L'élimination de la Grèce ne m'a pas vraiment surpris. Au vu de ses résultats, on savait que cette équipe ne pourrait pas rivaliser dans ce groupe. Par contre, j'ai été particulièrement surpris par l'élimination des Chinoises. A mon avis, elles sont déjà trop concentrées sur 2008. Elles auraient peut-être dû renouveler les cadres progressivement.

Vous faites venir une nouvelle joueuse du Brésil ?
Oui, Diana. Elle vient de la sélection U19, c'est une joueuse intéressante pour l'avenir.

Contre la Grèce, vos filles ont fait très bonne impression, notamment Cristiane avec ses trois buts.
Formiga aussi a été exceptionnelle. Ça joue bien, on a vraiment une belle équipe. Le plus dur, ç'a été de positionner au mieux tous ces talents, de manière à optimiser leur rendement. A une époque, je me demandais un peu comment on allait pouvoir évoluer avec autant de joueuses à vocation offensive. C'est de la folie, mais les filles travaillent dur pour y arriver, et ça marche. De toute façon, c'est le boulot de l'entraîneur, trouver la clé pour que les meilleures joueuses puissent s'exprimer à l'intérieur du système. A moi de mettre en place le dispositif idéal. Parfois, ce n'est pas possible. Au début, ç'a été difficile, par exemple avec Marta et Cristiane, qui sont toutes les deux gauchères. Il leur arrivait de ne pas se comprendre, de se retrouver à la même place. Mais maintenant, ça s'est arrangé.
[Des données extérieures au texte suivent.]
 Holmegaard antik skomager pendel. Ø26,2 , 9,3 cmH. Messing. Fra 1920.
Que pensez-vous de la cohabitation entre toutes ces équipes dans un même hôtel ? C'est un Village Olympique en miniature…
Je trouve ça très bien, sauf pour ce qui est des Américaines : elles ne parlent à personne. Tout le monde se parle, ou se dit au moins bonjour. Mais les Américaines, elles ne te regardent même pas. Je ne comprends pas pourquoi. Ce n'est pas ça l'esprit des JO. La philosophie des Jeux, comme de la FIFA, c'est le fair-play. Et je ne trouve pas ça fair-play quand on se croise dans un couloir et qu'on ne peut même pas échanger un "bonjour". D'ailleurs, même sur le terrain, j'ai trouvé que les Américaines n'étaient pas des filles très propres. Le match a été plutôt rugueux.
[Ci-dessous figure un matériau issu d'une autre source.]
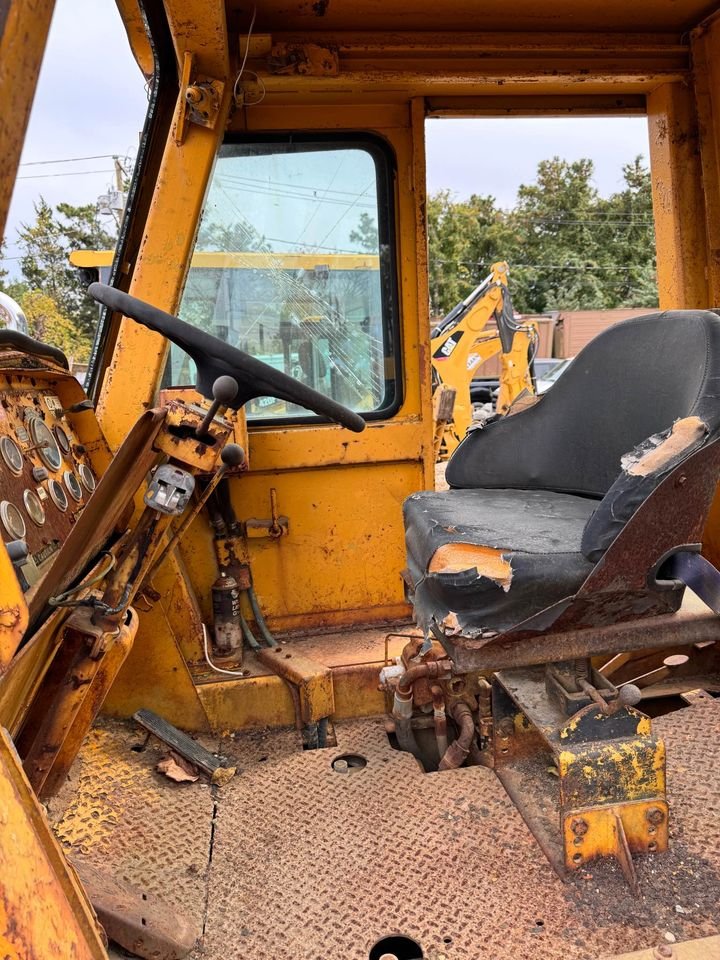 RARE 1985 Dynahoe Backhoe Loader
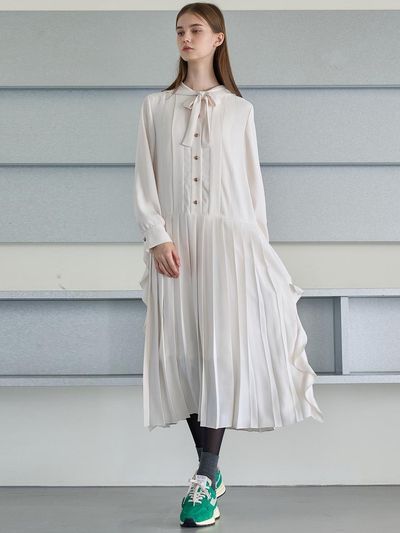 MITTE Hooded Pleated A-line Dress [Cream]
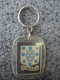 1 PORTE CLEFS Vers 1965 - BLASON VIVARAIS (VIVIERS) Ardèche PROVINCE REGION FRANCE @ ARMOIRIE PUB Les Crottes Du Diable - Porte-clefs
Vous parlez un très bon anglais…
J'ai été obligé d'y venir. En 1982, je me suis retrouvé aux Emirats Arabes Unis, ma première expérience à l'étranger. Et à un moment, il faut bien arriver à communiquer pour s'en sortir. Je me souviendrai toujours de ma première rencontre avec les responsables de la fédération jamaïcaine, en 1994. Ils avaient créé une fondation pour le football jamaïcain, dirigée par des banquiers et de nombreuses personnalités de premier plan. Tous avec des diplômes universitaires. Quand je leur ai eu expliqué mon projet, la première question a été : Comment pensez-vous pouvoir entraîner des joueurs qui parlent anglais avec votre niveau de langue ? J'ai répondu que mon savoir, je le transmettais avec les pieds, pas avec la langue. Aujourd'hui, celui qui m'avait posé cette question est devenu un très bon ami que je prends toujours plaisir à revoir.
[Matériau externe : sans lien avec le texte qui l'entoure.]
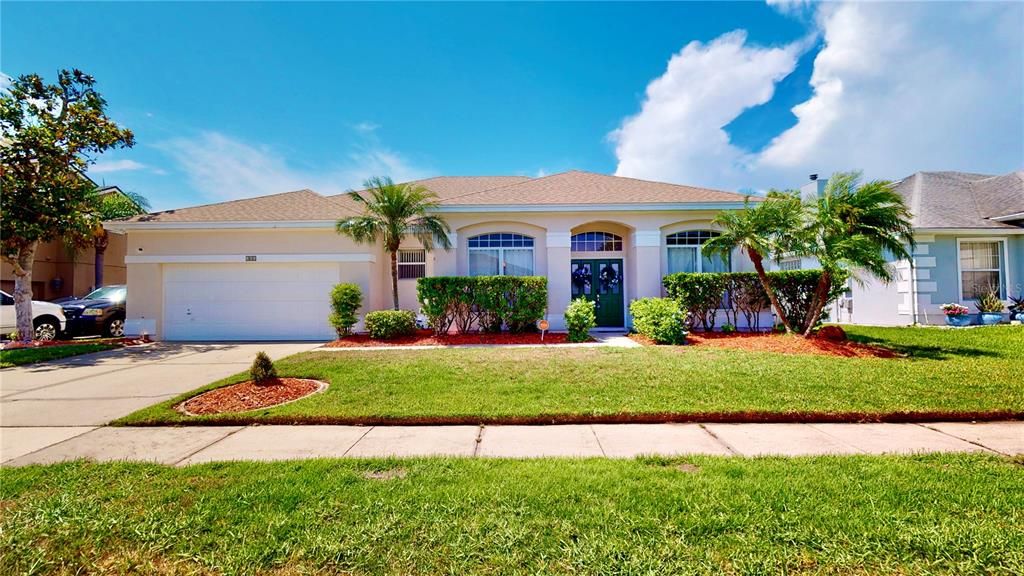 Attached, Exterior, Facade, Ranch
Qui sont vos favoris pour cette fin de Tournoi Olympique ?
Les Etats-Unis et l'Allemagne sont incontestablement parmi les mieux placés. Nous, on veut faire comme la Grèce à l'Euro, ou comme Once Caldas en Copa Libertadores, gagner là où personne ne nous attend. C'est notre objectif, et je pense qu'on a de raisonnables chances de l'atteindre.